"To Help Somebody like Me"

Marie Serrano '77SW

Marie Serrano (left) with her mother on graduation day.

As Marie Serrano tells it, when she applied to the School of Social Work back in the mid-70s, her essay described growing up with an uncle living with schizophrenia. She wrote about visiting him as a child and witnessing the alarming conditions at state hospitals—shock treatments, cold showers, therapies now long discontinued. She saw social work as a way to help people like her uncle. Marie added, “I’ve always liked challenges. ”

And she has known many, starting with her family background. “My parents were factory workers who didn’t go to college. In fact, my mother didn't go beyond eighth grade. Early on, I had no self-confidence at all.”

As a child, Marie was curious—always asking questions—and more comfortable with adults than children. "Studying helped me understand the world more. I wanted to break away and create a different life for myself."

Despite little money, and even less self-assurance, she enrolled in a local college, lived at home, bought her own books, and worked long hours.

Marie finished college with a strong record and a drive toward graduate school despite her limited means. She applied to Columbia against the advice of a well-meaning career counselor. It was a long shot. “And then, suddenly, I get this letter,” she recalled.

News of her acceptance to Columbia, with a full two-year scholarship, was “an amazing vote of confidence,” she said. “Being at such a prestigious school and feeling validated—that was important for me in making it through. That scholarship saved my life.”

"That scholarship saved my life.”

Once at Columbia, her confidence only grew in the presence of professors at the top of their fields. “I felt that If I could pass their classes and learn so much from them, I could do anything.” She drew on that confidence during internships working with children, including teenage boys in a residential treatment center. “There was always the feeling that I could figure it out and do it.”

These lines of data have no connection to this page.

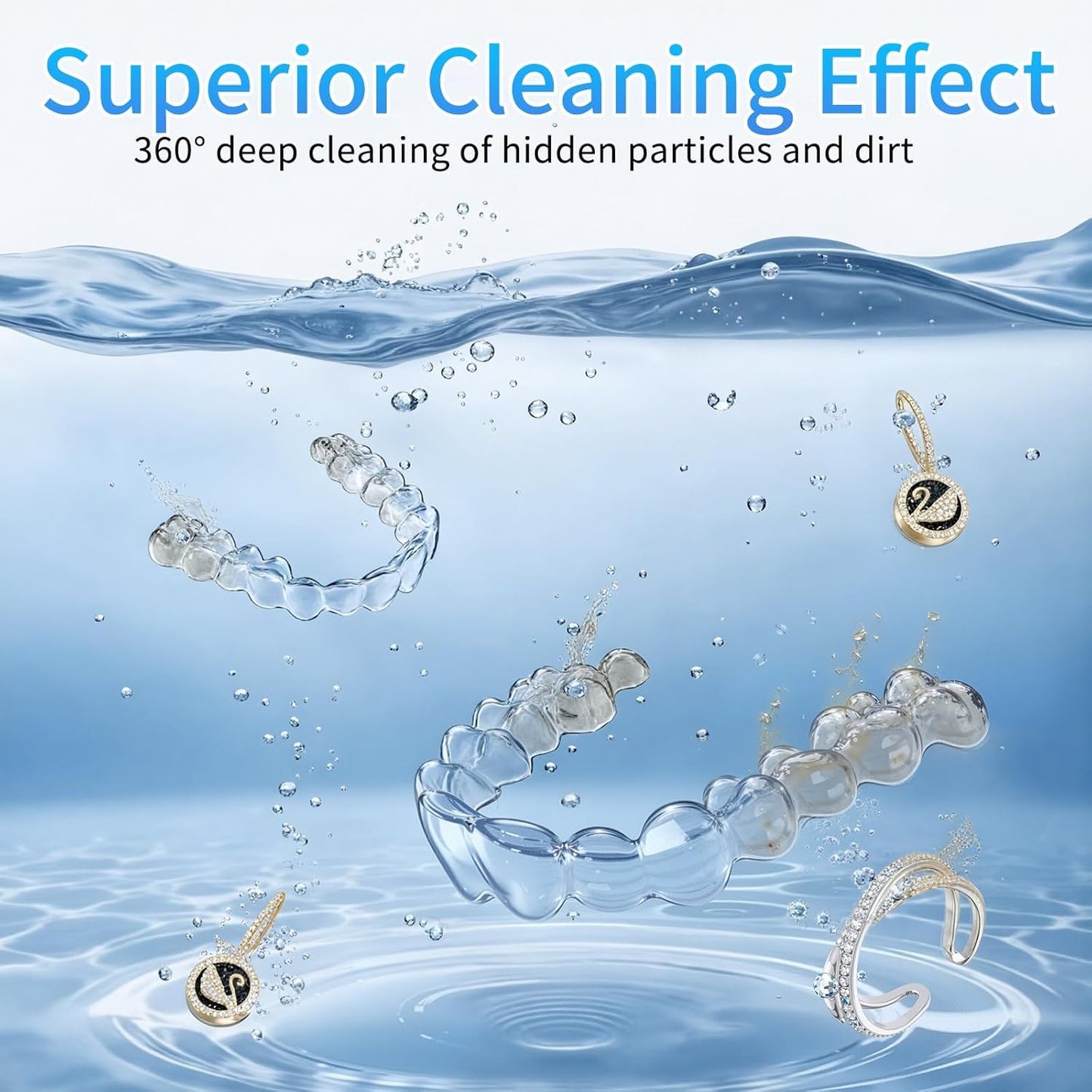 Ultrasonic Retainer Cleaner,250ML Large Capacity Dental Cleaning Pod for Dentures,Retainers,Braces,Mouth Guards,Toothbrush, Aligner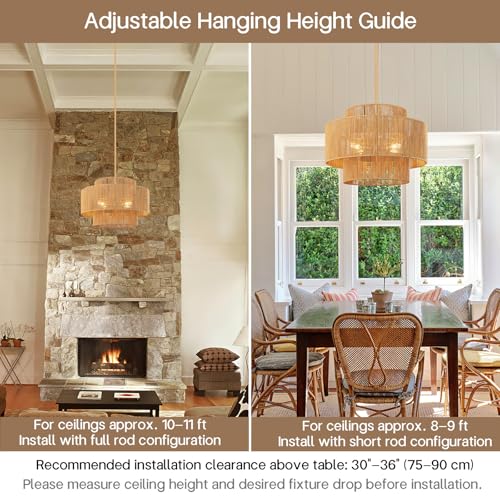 24'' Boho Rattan Chandelier, 4-Light Hand-Woven Wicker Pendant Lamp, Rustic Modern Ceiling Light Fixture for Dining Room, Kitchen Island, Living Room, Bedroom, Foyer, Entryway, Over Table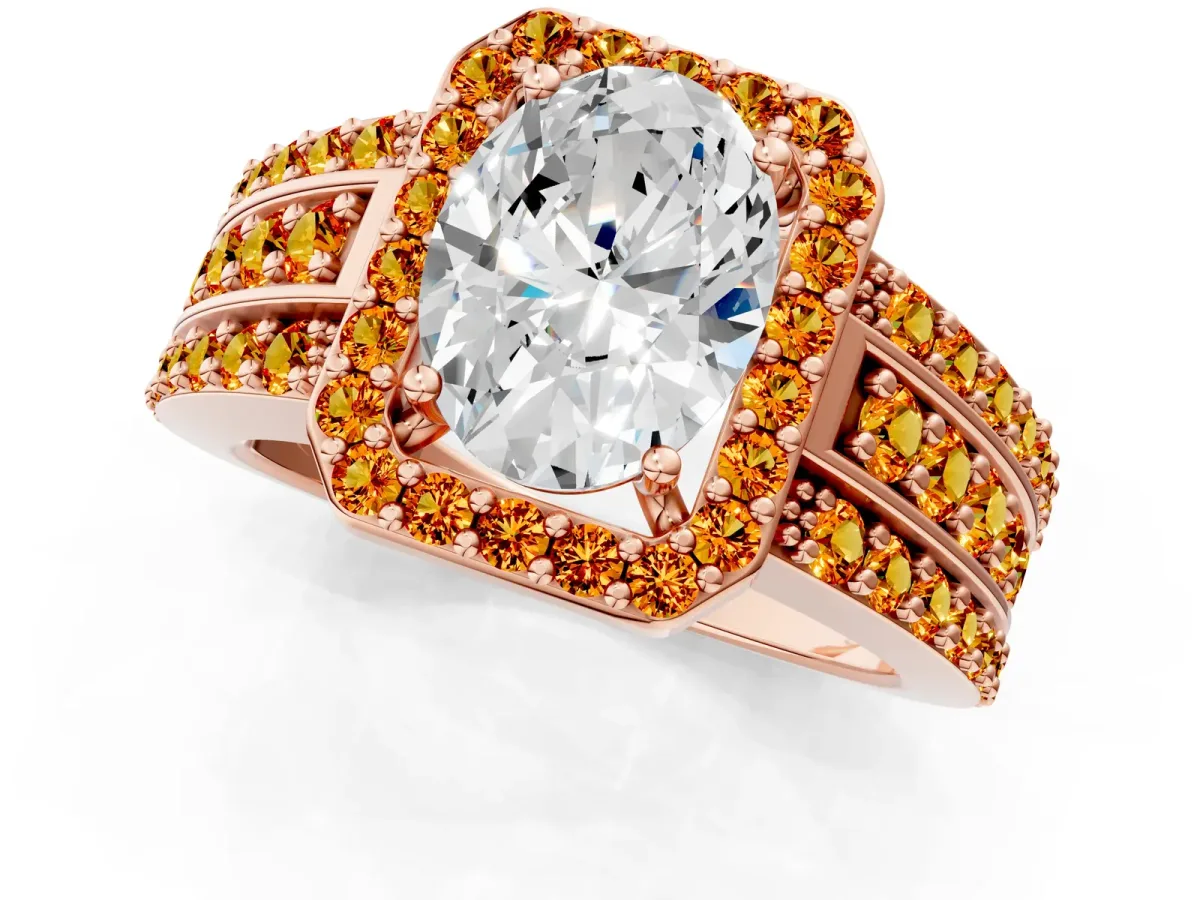 Oval Cut Halo Diamond Ring with Round Citrine Split Shank and Prong Setting Rose gold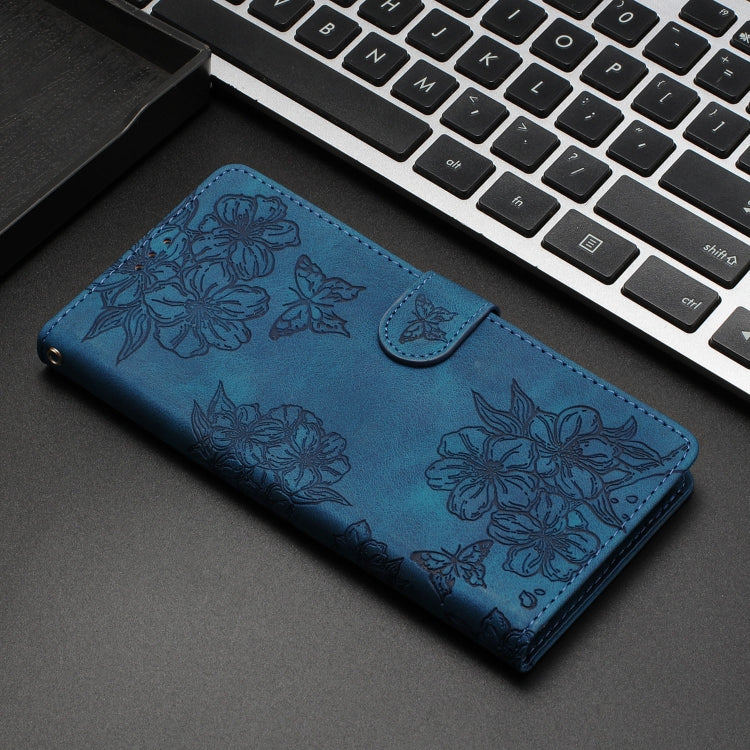 For iPhone 15 Pro Max Cherry Blossom Butterfly Skin Feel Embossed PU Phone Case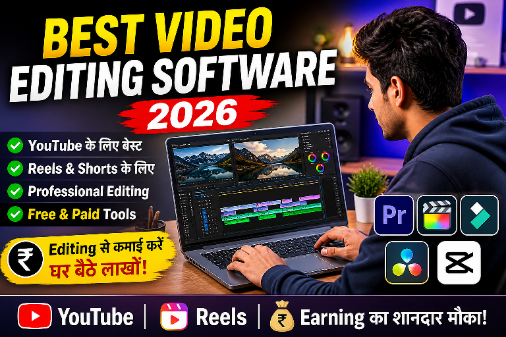 वीडियो एडिटिंग करते युवक लैपटॉप पर best video editing software का उपयोग करते हुए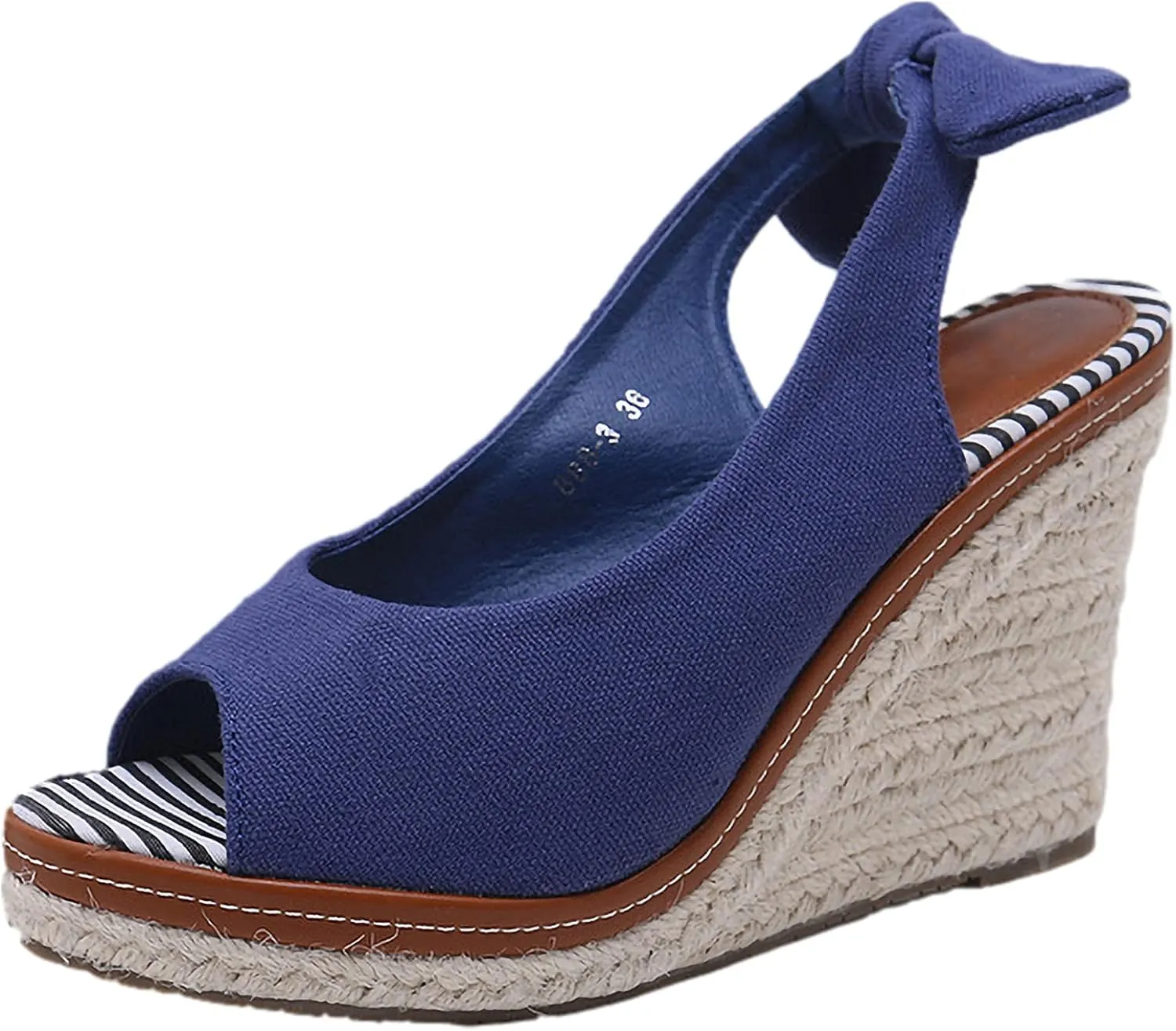 ANUFER Womens Elegant Wedge Heel Peep Toe Espadrilles Sandals Slingback Pumps Summer Canvas Shoes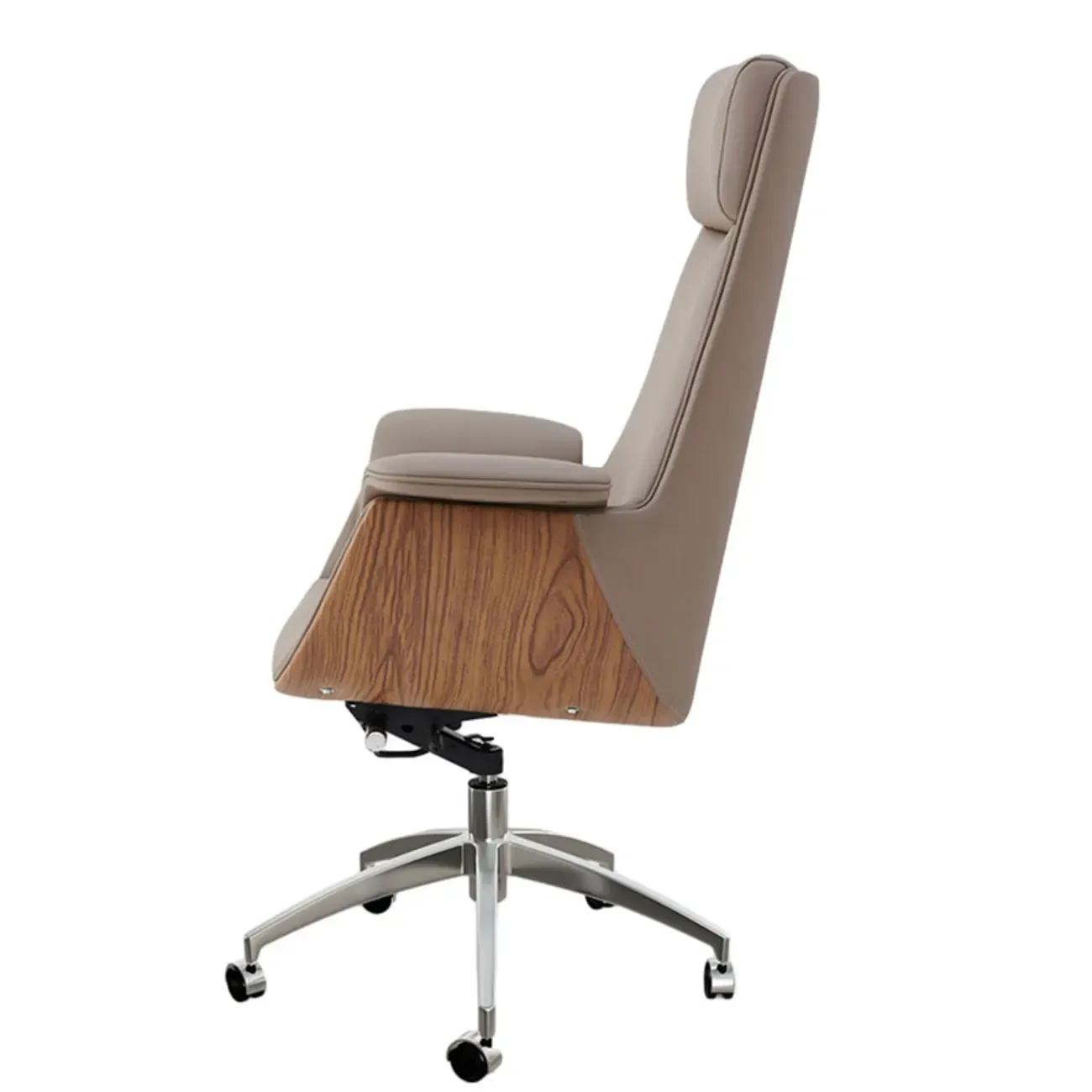 Swivel Armrest Upholstered Full Back Adjustable Office Chair Image - 10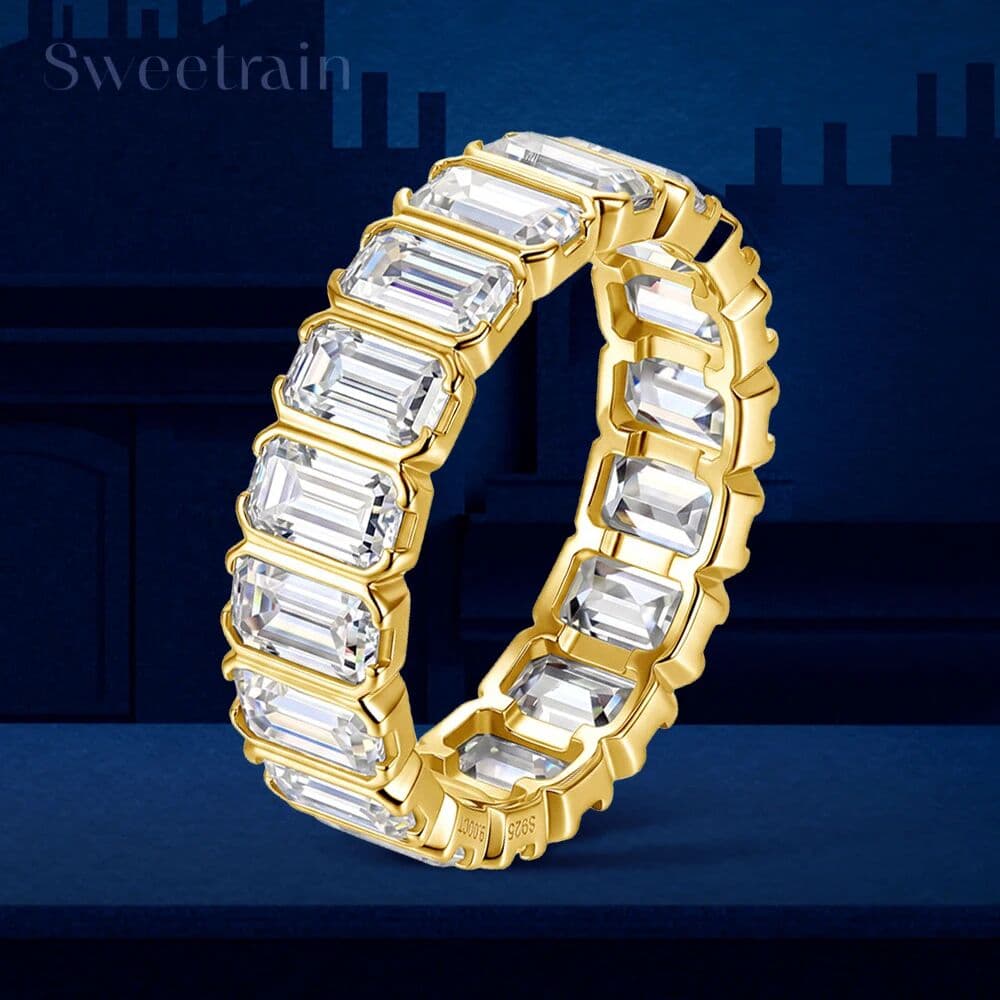 NONE 0.5CT Each Emerald Cut All Moissanite Ring Full Eternity Wedding Band 925 Sterling Silver Engagement Ring for Women Fine Jewelry
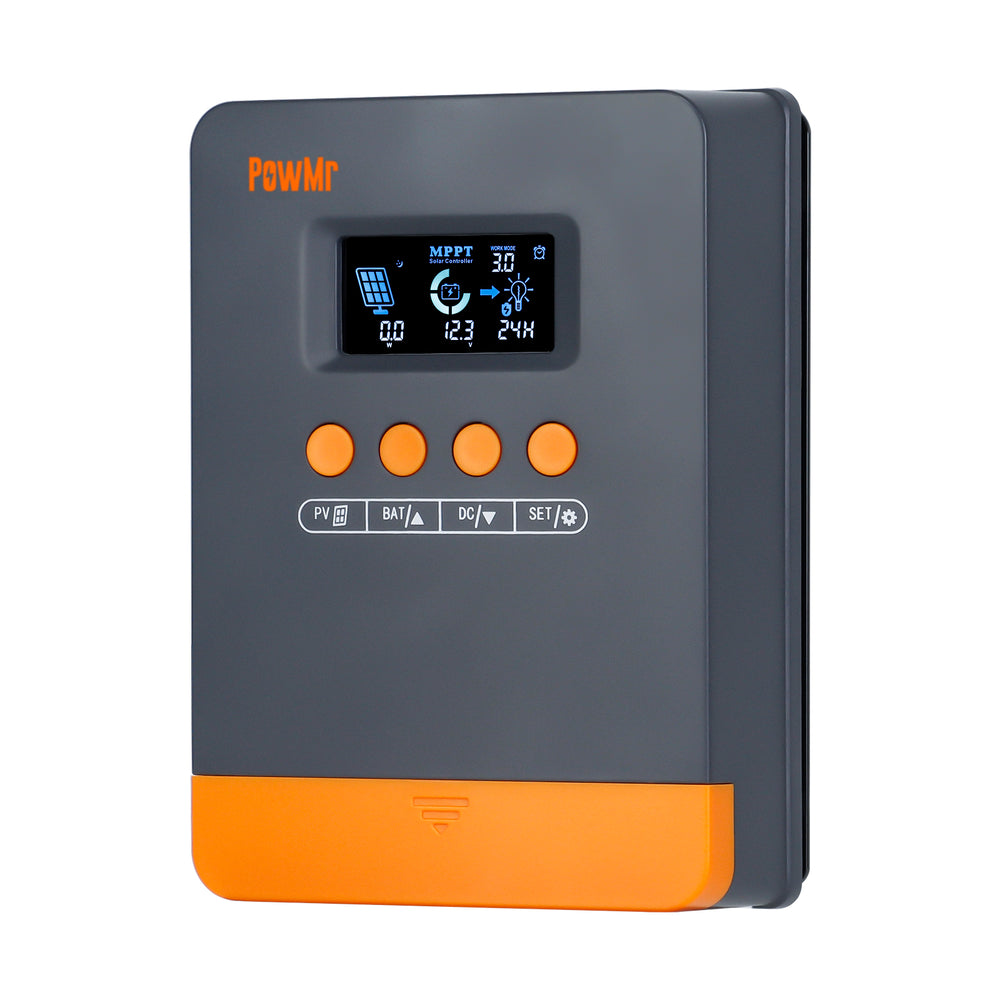PowMr 25A 35A 45A MPPT Solar Charge Controller Blacklight LCD Regulator Max 100VDC Soalr Panel Support 12V 24V Lithium Battery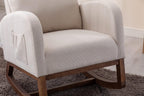 Rocking Chair,Nursing Chairs with Foot Rest for Mom, Rocker Glider Chair with High Backrest for Living Room, Bedroom, Upholstered Lounge Chair with Solid Wood Base for Relaxin (Beige)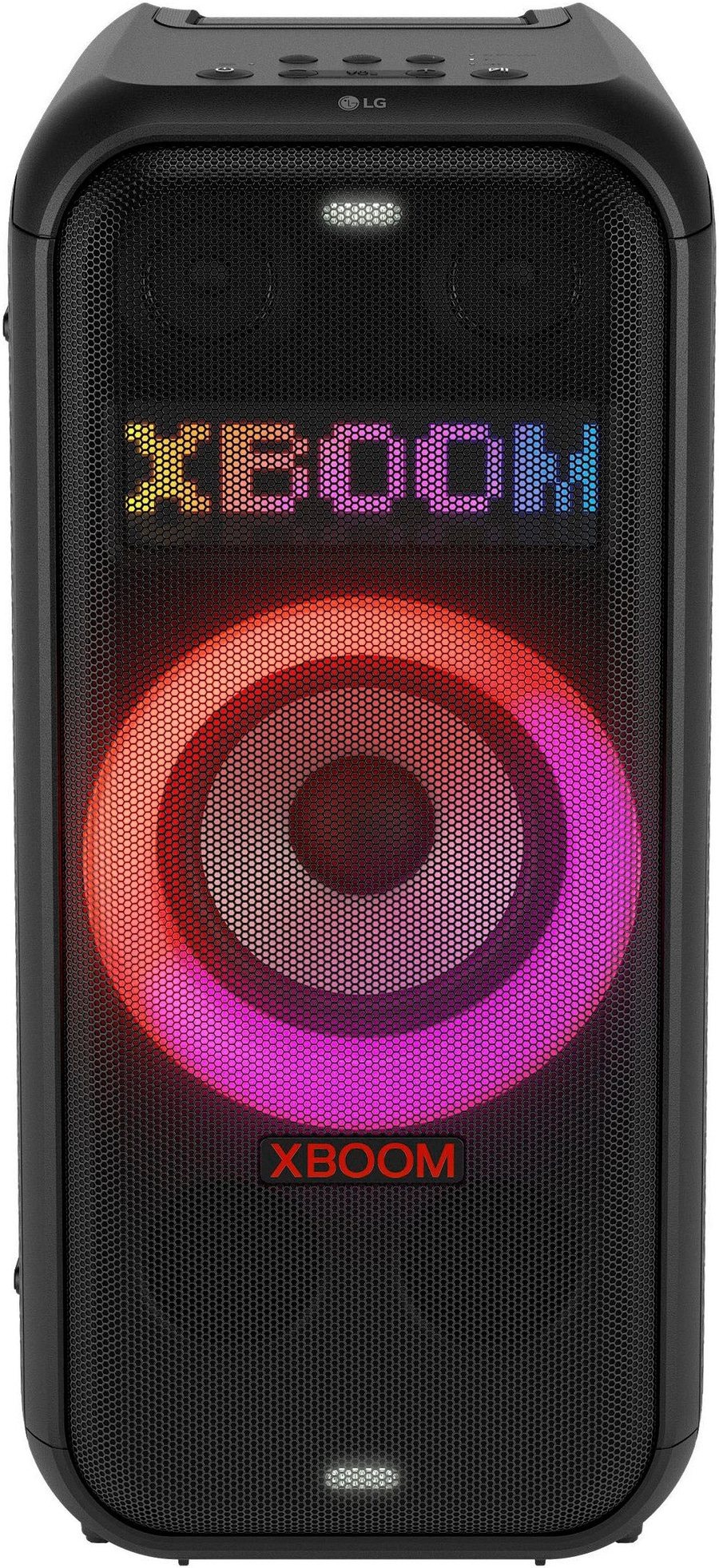 Ein schwarzer LG XBOOM Lautsprecher mit bunten Lichtern.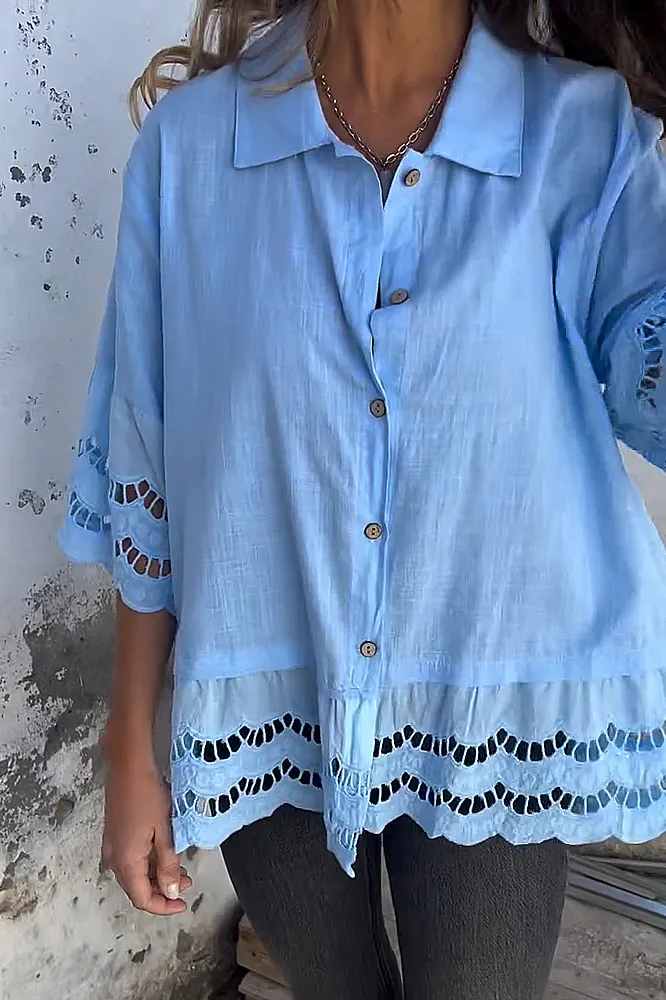 Women's solid color cotton and linen hollow out shirt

Marie left prepared for decades on the front lines —working with patients with HIV at St. Vincent’s Hospital, people experiencing homelessness, people struggling with addiction, and others in a variety of settings. “I think of social workers as people who help others—that’s what we do.”

Marie Seranno at Social Work Class Day


Lately that help has extended to future generations. Marie and her husband don't have children. When they wrote their wills recently, they thought about how they could “pay it forward.” They have informed Columbia that their estate plan includes a bequest to fund a scholarship at the School of Social Work.

“We decided to give half of our assets to Columbia specifically to support students,” Marie said. “My dream is to help somebody like me, any kid who has the grades but not the resources. I want others to feel a part of somewhere as large and wonderful as Columbia.”